Sinema, yaşanılan anı tarih haline getirme ve toplumsal belleği güçlendirmede en önemli araçlardan biri haline gelmiştir. Sinema ortak iletişim alanı sağlamakta ve tüm sanatları kendisinde toplamaktadır. Ne var ki, sinemanın ekranlara yansıyan parlak ışığının ardında gizlenen karanlık yönünü de var. Amerikan sinemasına ışık tutan, hakikatlerin perdesini aralayan özel dosya haberin detaylarında.

AMERİKAN RÜYASININ KAPISI HOLLYWOOD

Hollywood kelimesi ikiye bölündüğünde kelime manası; "holly" çoban püskülü, "wood" ise odun, ağaç, orman, tahta ve koru gibi anlamları ifade eder.
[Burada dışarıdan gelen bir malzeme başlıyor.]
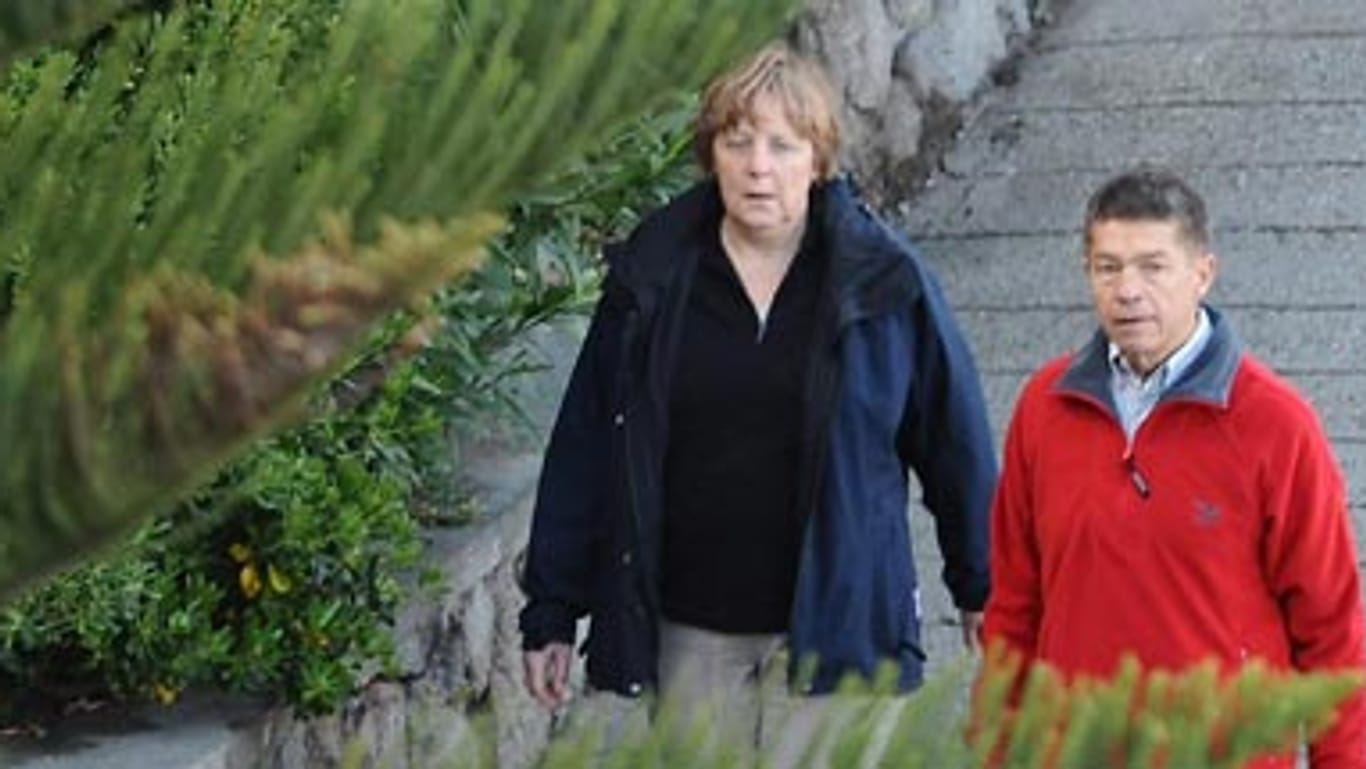 Kanzlerin Angela Merkel wandert mit ihrem Mann Joachim Sauer über die italienische Insel Ischia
Hollywood ismi, Amerika'nın Kaliforniya Eyaleti'ndeki Los Angeles şehrinin bir semtinin adıdır. Adı adeta "Amerikan rüyası" ile özdeşleşen bu sihirli kelimenin kapağını açar, içine bakarsanız bir "kıyım makinesi" görürsünüz. Her yıl yüz binlerce; Amerikalı, Güney Amerikalı, Avrupalı velhasıl dünyanın dört bir köşesinden genç kızlar ve erkekler burada şanslarını denemek için akın ederler. Ancak çoğu; seks pazarının pençesine, uyuşturucu bataklığına ve psikolojik sorunların girdabına kapılarak yok olup giderler. Kalan küçük insan bakiyesi ise, şöhret basamaklarını tırmanmaya başlar ve yeşil dolar havuzunun içine düşerler.
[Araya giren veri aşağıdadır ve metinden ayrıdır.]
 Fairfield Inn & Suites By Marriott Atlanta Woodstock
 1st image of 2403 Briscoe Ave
Madonna'nın kaçmak isteyip de kurtulamadığı, nihayetinde hafızasını kaybettiği Hollywood filmleri günümüzde Wall Street ve neoliberal küreselleşmenin hizmetinde politik, kültürel, ekonomik ve askeri büyü sanatının muhteşem örnekleri olmaktadır.
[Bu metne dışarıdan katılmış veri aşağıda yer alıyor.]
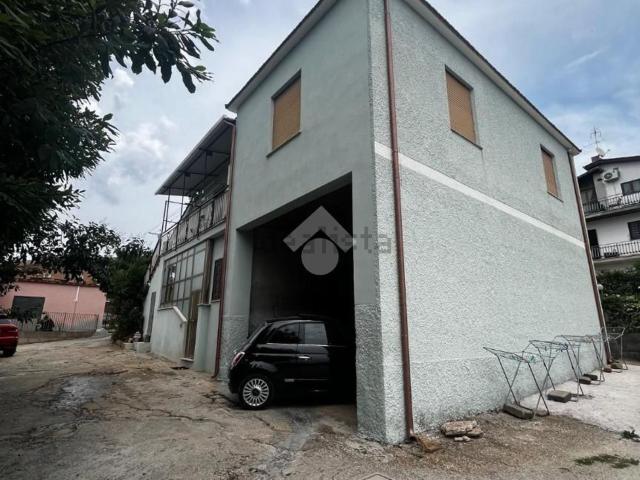 Appartamento in vendita di 100 m² in Via Tor Paluzzi, 135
Hollywood filmlerinde mutlaka Amerikan bayrağına ve kiliseye yer vardır. Bu filmler önce gözlerimizi kendine çeker, sonra kalbinizin odasından beyninize doğru bir yürüyüşe çıkarak bilinçaltınızın derinliğine yerleşir. Bir de bakmışsınız seyrettiğiniz filmin işlediği tema ile beyniniz aynı şeyleri söylemektedir. Bunun adı bilinçaltı işgalidir.

Tarih politik büyü sanatını kullanan örneklerden bolca söz ediyor. Günümüzde ise Hollywood filmleri politik, kültürel ve askeri büyü sanatının örmeklerini arzı endam ederek gösterilerini sunmaktadır.

1970’lerin sonundan itibaren, yedi milyar dolayındaki insan topyekûn, hızlı ve sağlıksız bir değişim ve dönüşüm yaşadı. Bu değişim ve dönüşümün en önemli motoru Amerikan film endüstrisinin merkezi olan Hollywood’dur. Bu merkezin kontrolünde imal edilen sinema filmleriyle televizyon dizileri tek tip insan yetiştirmek için, bilinçaltı etkilemesine yönelik projeleri çocuklardan yetişkinlere uygulamaya koydu. Çocukları erken buluğa erdiren, bilinçaltlarına sürekli cinsel içerikli algılar gönderen çizgi filmler  meydana getirildi.  

Medya sektörünün bir parçası olan Hollywood merkezli Amerikan film endüstrisi doğrudan görsel ve bilinçaltına yönelik operasyonlarıyla küresel çapta tek tip insan oluşturma hedefinde önemli ölçüde başarılı olmuştur. Buradaki en önemli nokta, kişiliğin modernite tarafından üretilmiş belli kalıpları ve anlayışı içine girmek mecburiyetinde olması ve bunun sonucunda yabancılaşma ile kendiliğinden giderek uzaklaşmasıdır. Bu uzaklaşma, modern insanın sonsuz kendini arama telaşına ve mevcut olduğu dünyanın gerçekliğinden çeşitli şekillerde kaçmasına sebep olmaktadır.